El presidente electo Abelardo de la Espriella designó a Sandra Suárez como directora del Departamento de Prosperidad Social (DPS). El nombramiento fue anunciado el 25 de julio y ubica al frente de la principal entidad de gasto focalizado del Estado a una exministra de Ambiente del período 2003-2006, durante la primera administración de Álvaro Uribe.
Suárez es publicista y escritora, con maestría en neurociencia y especializaciones en mercadeo y estudios políticos. Según reportó Caracol Radio, fue una de las voces tempranas de respaldo a la candidatura de De la Espriella para 2026. En el anuncio, el presidente electo destacó su trayectoria en liderazgo femenino y capital humano, y le fijó como tarea declarada avanzar hacia una entidad cercana a la ciudadanía y enfocada en oportunidades por encima del asistencialismo. Citado por el mismo medio, De la Espriella señaló que el objetivo es ayudar a las familias a salir de la pobreza sin generar dependencia.
El perfil importa por el peso de la entidad. Prosperidad Social concentra buena parte de las transferencias condicionadas, los programas de inclusión productiva y la atención a poblaciones vulnerables. Un cambio de dirección en ese despacho redefine el énfasis —no la existencia— de programas que mueven miles de millones de pesos cada vigencia.
Hay al menos tres interrogantes que el próximo gabinete debería responder antes del 7 de agosto.
La primera es de idoneidad documentada. Suárez no asume en cero: su paso por Minambiente hace dos décadas dejó un expediente verificable en autorizaciones ambientales, consultas previas y manejo de conflictos sectoriales. Sería razonable que la propia dirección del DPS publique un balance de esa gestión, no como juicio, sino como insumo para evaluar trayectorias en cargos sensibles.
La segunda es de diseño institucional. Un mandato centrado en eficiencia y cercanía exige decisiones técnicas concretas: depuración del Sisbén, rediseño de los programas de transferencias, articulación operativa con los municipios y reglas claras de contratación. Los reportes de la Contraloría y de la Procuraduría sobre la ejecución de recursos del DPS han señalado hallazgos recurrentes en los últimos años. El nuevo gobierno hereda una cadena de contratación que, según registros de Secop II, requiere auditoría pública.
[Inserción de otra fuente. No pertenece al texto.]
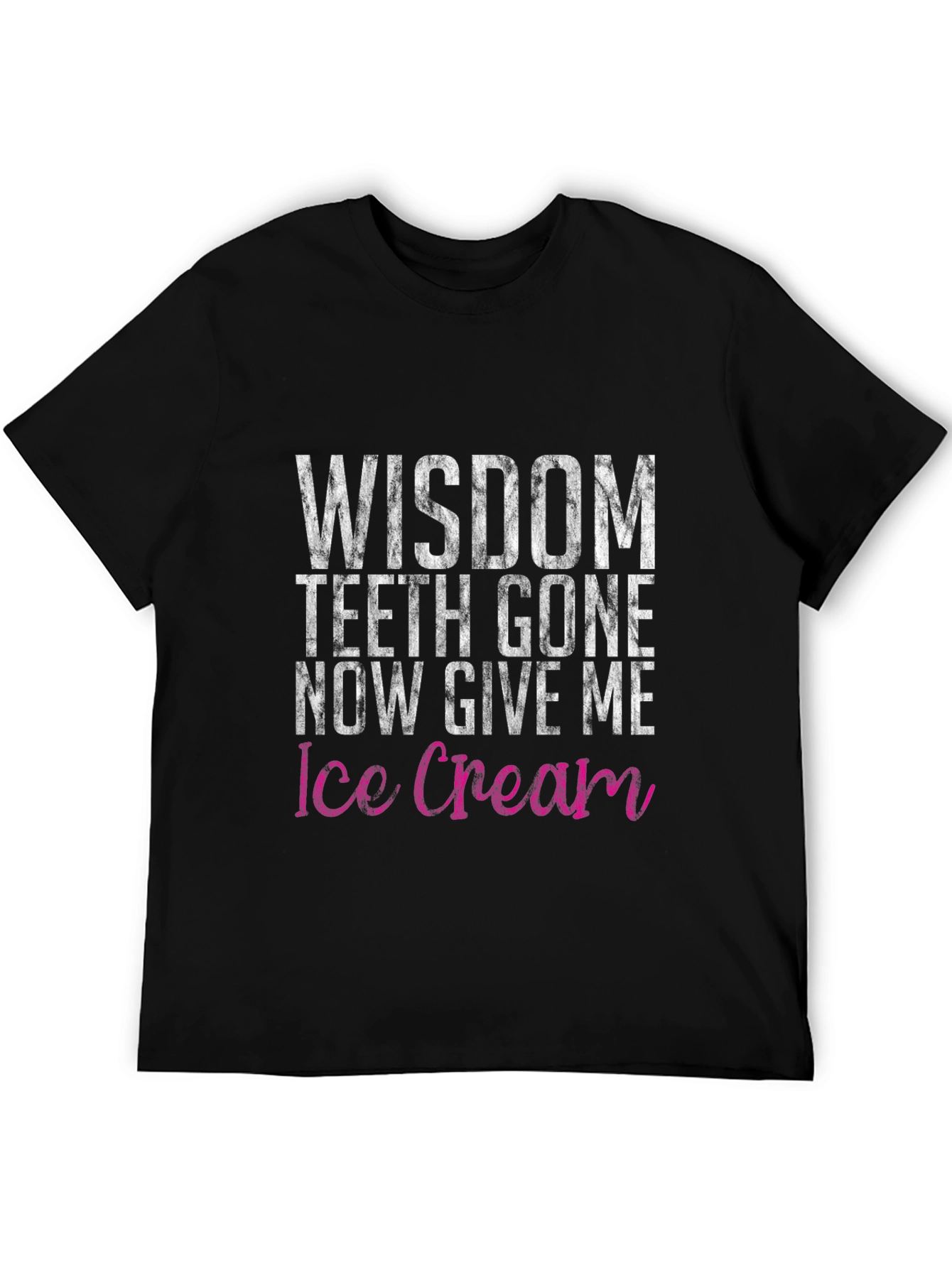 Camiseta Humorística Wisdom Teeth Gone Ice Cream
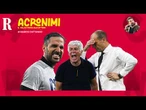 MILAN e JUVE, che disastro: in CHAMPIONS si va con le idee | Acronimi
La tercera es de independencia política. ¿Puede el DPS romper el patrón de uso clientelar que distintos gobiernos le han impreso? Si la administración entrante busca diferenciarse, la señal más fuerte no vendría de un discurso, sino de publicar los criterios de focalización, los contratos en curso y los compromisos presupuestales asumidos antes del 7 de agosto. La transparencia preventiva es el único criterio verificable para distinguir una reforma de un simple recambio de etiquetas.
El contexto fiscal tampoco ayuda. El margen para programas sociales es estrecho, la reforma tributaria reciente dejó restricciones y las transferencias a las regiones operan dentro de las reglas fiscales vigentes. Cualquier expansión del gasto focalizado exigirá reasignaciones internas o nuevas fuentes, y ambas decisiones pasan por el Ministerio de Hacienda. La nueva dirección del DPS necesitará coordinación estrecha con esa cartera para que el anuncio no se quede en el papel.
Por ahora, el nombramiento es una declaración de intenciones con mandato explícito del presidente electo. Falta ver si la dirección entrante traduce ese mandato en decisiones presupuestales, contractuales y de focalización que sean auditables. La ciudadanía —y en particular los beneficiarios actuales de los programas del DPS— merece menos retórica y más información pública sobre qué cambiará desde el 7 de agosto.